For a bounded linear operator T, if $||Tx_o||<\epsilon$, then what can we say the norm of $Tx$ for $x \in$ the epsilon ball around $x_o$

I am not completely sure if this is correct, but I have seen that for a bounded linear operator T, if $||Tx_o||<\epsilon$, then the norm of $Tx$ for $x \in$ the $\epsilon$ ball around $x_o$ should be less than $2\epsilon$. I tried using linearity and the triangle inequality but coulnd't reach the conclusion. If x is in the $\epsilon$ ball around $x_o$, we can express it as $x_o + x_e$ where $x_e$ has norm less than $\epsilon$. However, the triangle inequality $||Tx||=||Tx_o+Tx_e||\leq||Tx_o||+||Tx_e||$ does not give us $2\epsilon$ because we still need to know the bound of the norm of $||Tx_e||$

Solution 1:

It is just not true.

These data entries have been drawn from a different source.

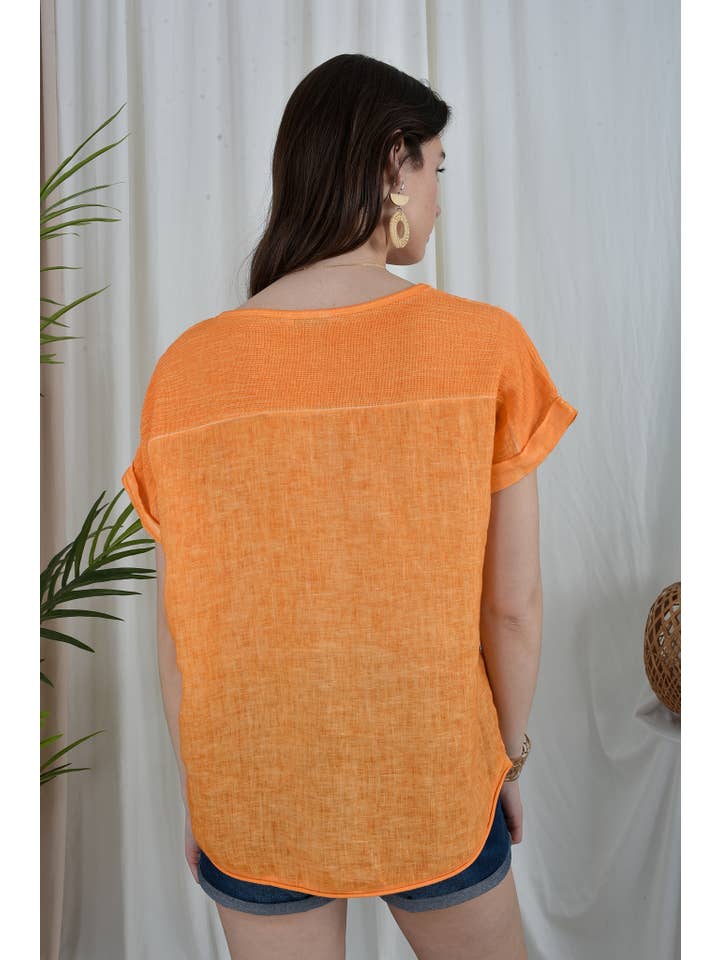ORNELLA PARIS - Wholesale Blouse - Women's - LEL-T651L linen top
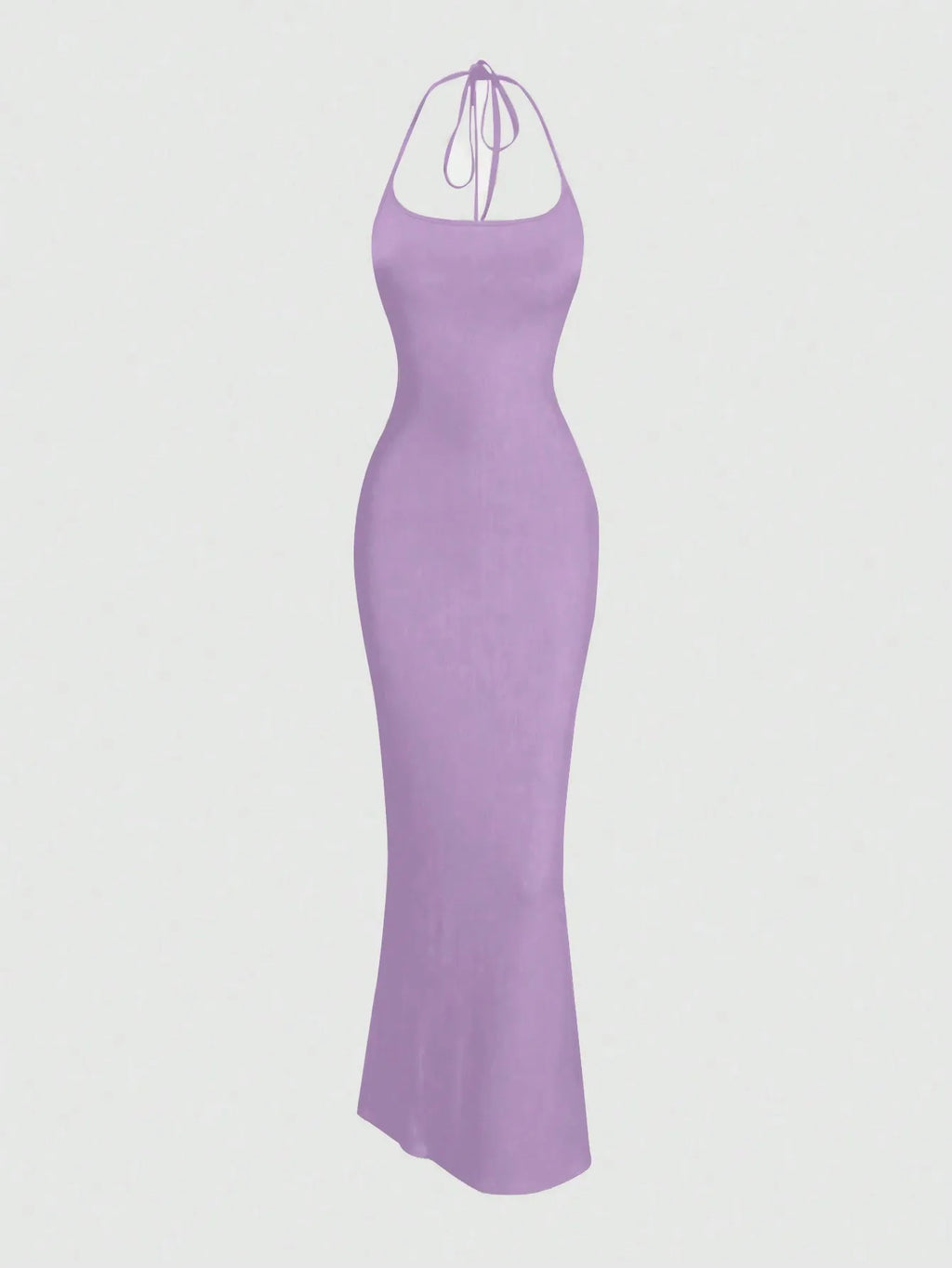 Black Fitted Halter Mermaid Maxi Dress for Women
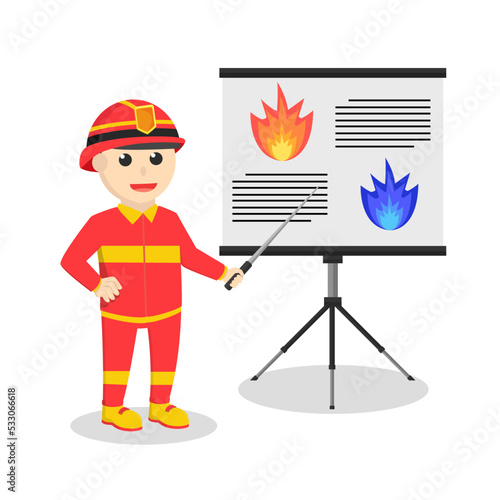 firefighter giving presentation information job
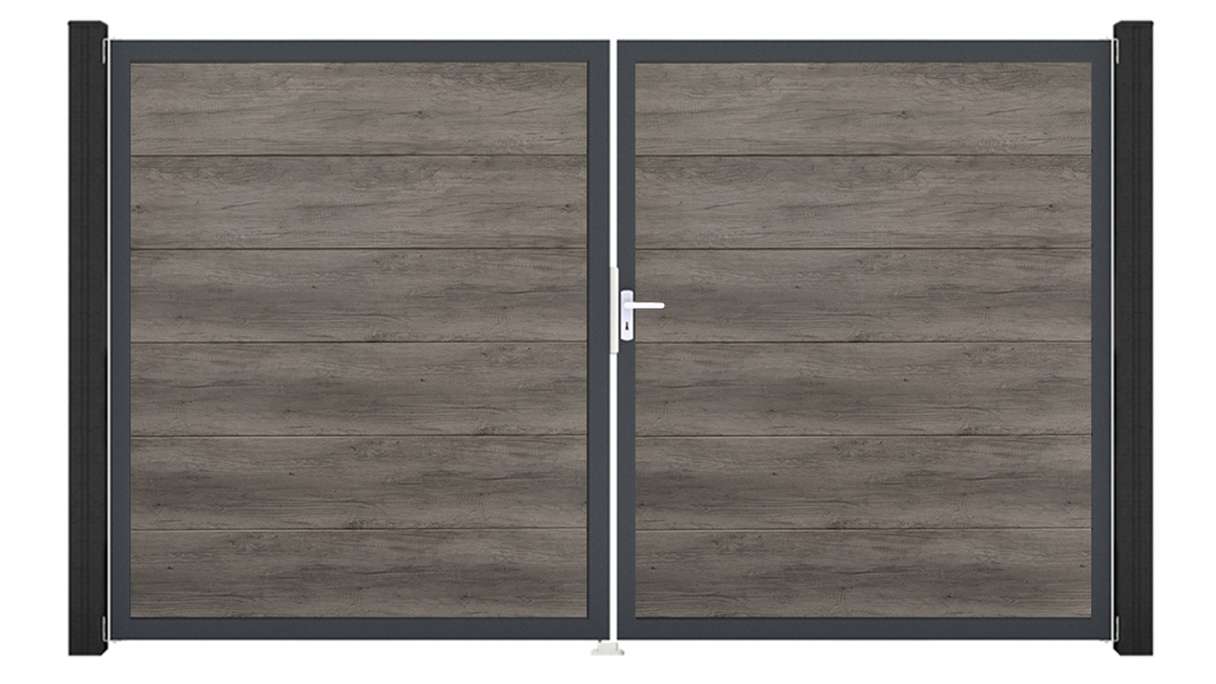 planeo Gardence Simply Guard – PVC gate – double-leaf, Monument Oak with aluminium frame, 300 x 180 cm
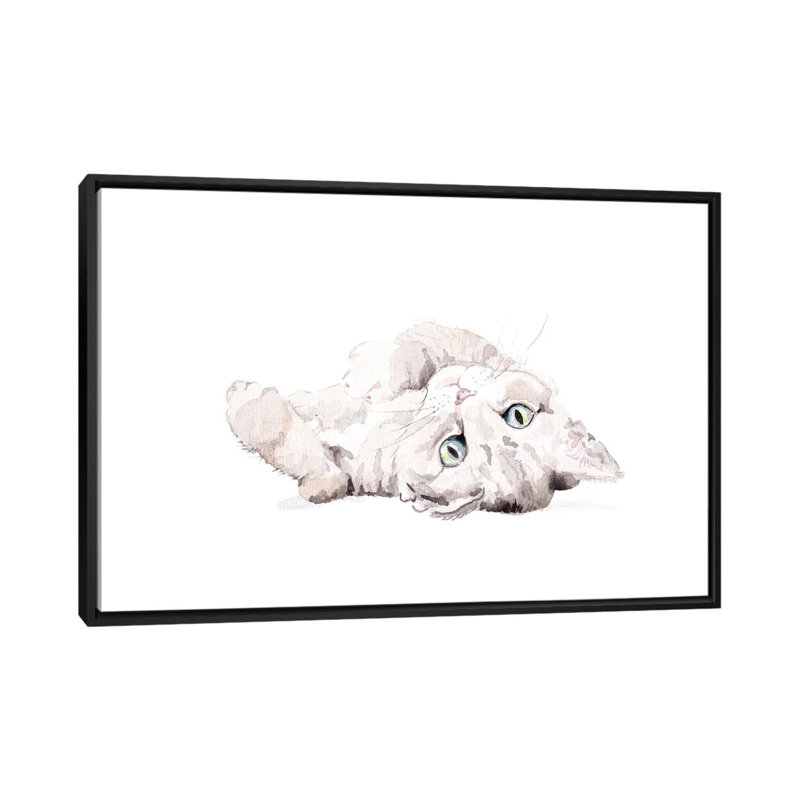 Grey Staring Cat Canvas Art, 18" H x 26" W x 1.5" D, Black Framed Canvas, No Matte
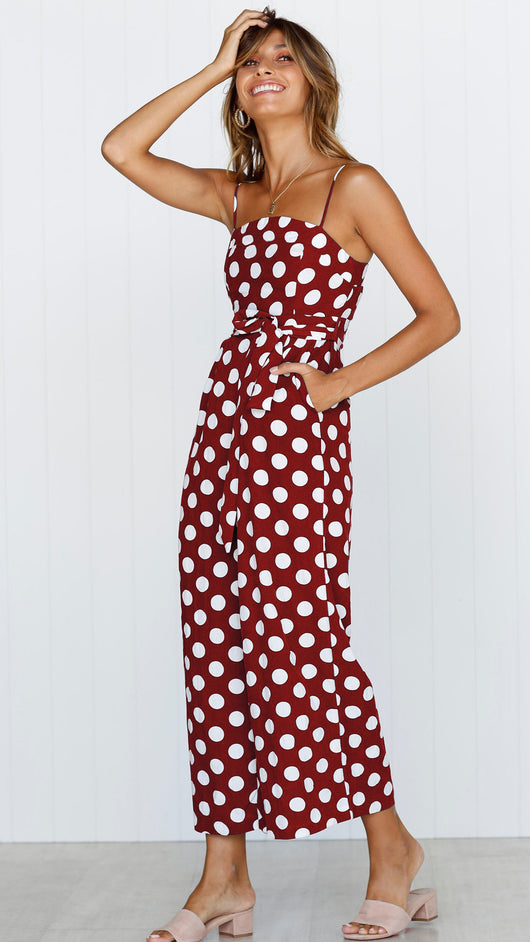 Jumpsuit Largo sin Mangas con Escote Halter y Lunares - Image 16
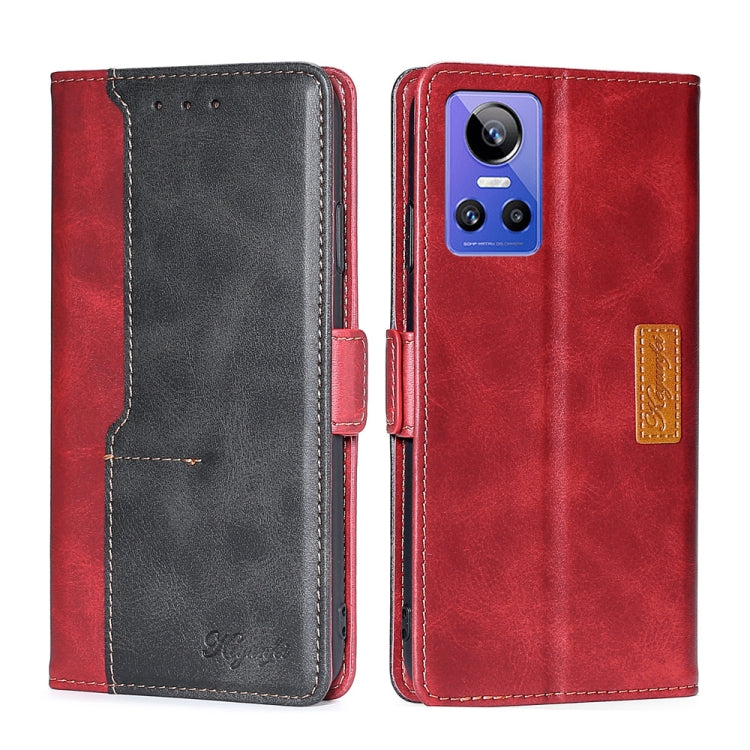 For OPPO Realme GT Neo3 Contrast Color Side Buckle Leather Phone Case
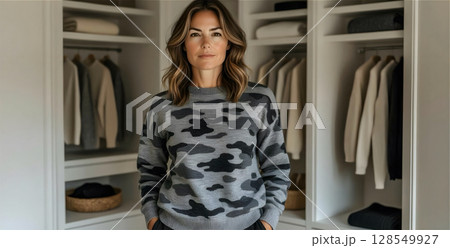 woman choosing clothes in wardrobe 128549927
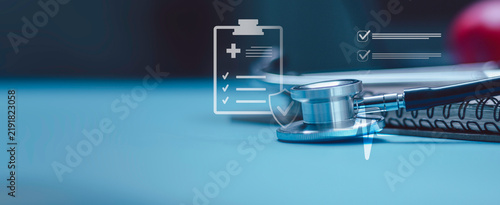Stethoscope, healthcare checklist and protection shield. Medical insurance claim concept, insurance claims, medical coverage, policy verification, healthcare services and risk management.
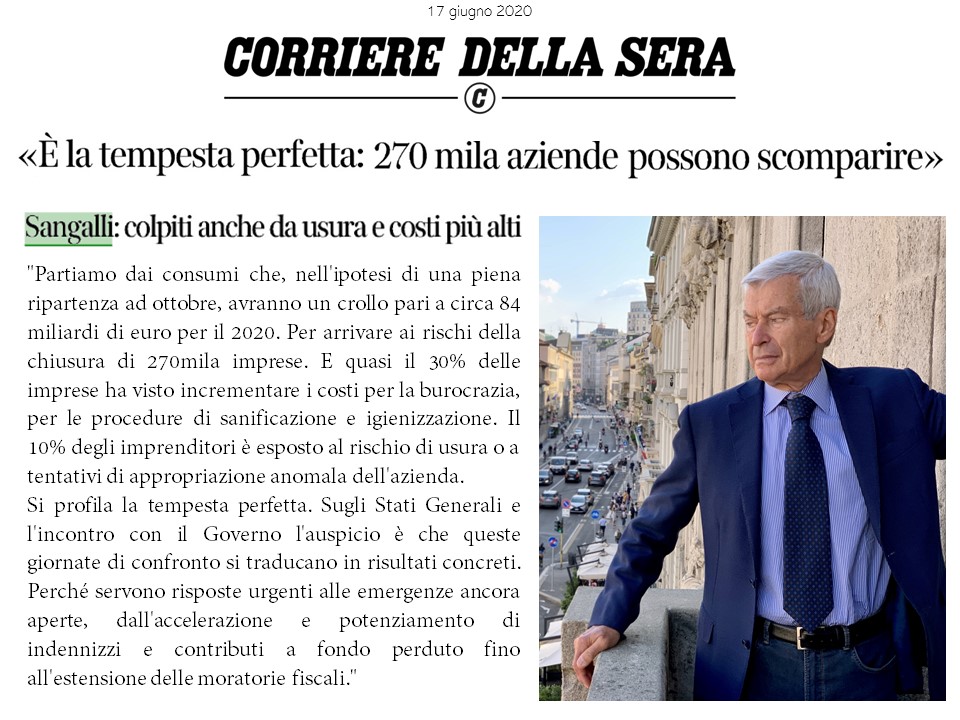 Carlo Sangalli - corriere della sera 17 giugno 2020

For example if $T: X\to X$, $T(x) = 2x$. Then $\|Tx_0\|<\epsilon$ implies that $\| x_0\| <\epsilon/2$, now $y_0=x_0+ 1.5 x_0$ is in the $\epsilon$-ball of $x_0$, since $$ \| y_0 - x_0\| = 1.5 \|x_0\| < 0.75 \epsilon.$$

But $\| T(y_0)\|= 2\|y_0\| = 5\|x_0\| <2.5 \epsilon$. That is, if $\|x_0\|$ is close to $\epsilon/2$, $\|y_0\|> 2\epsilon$.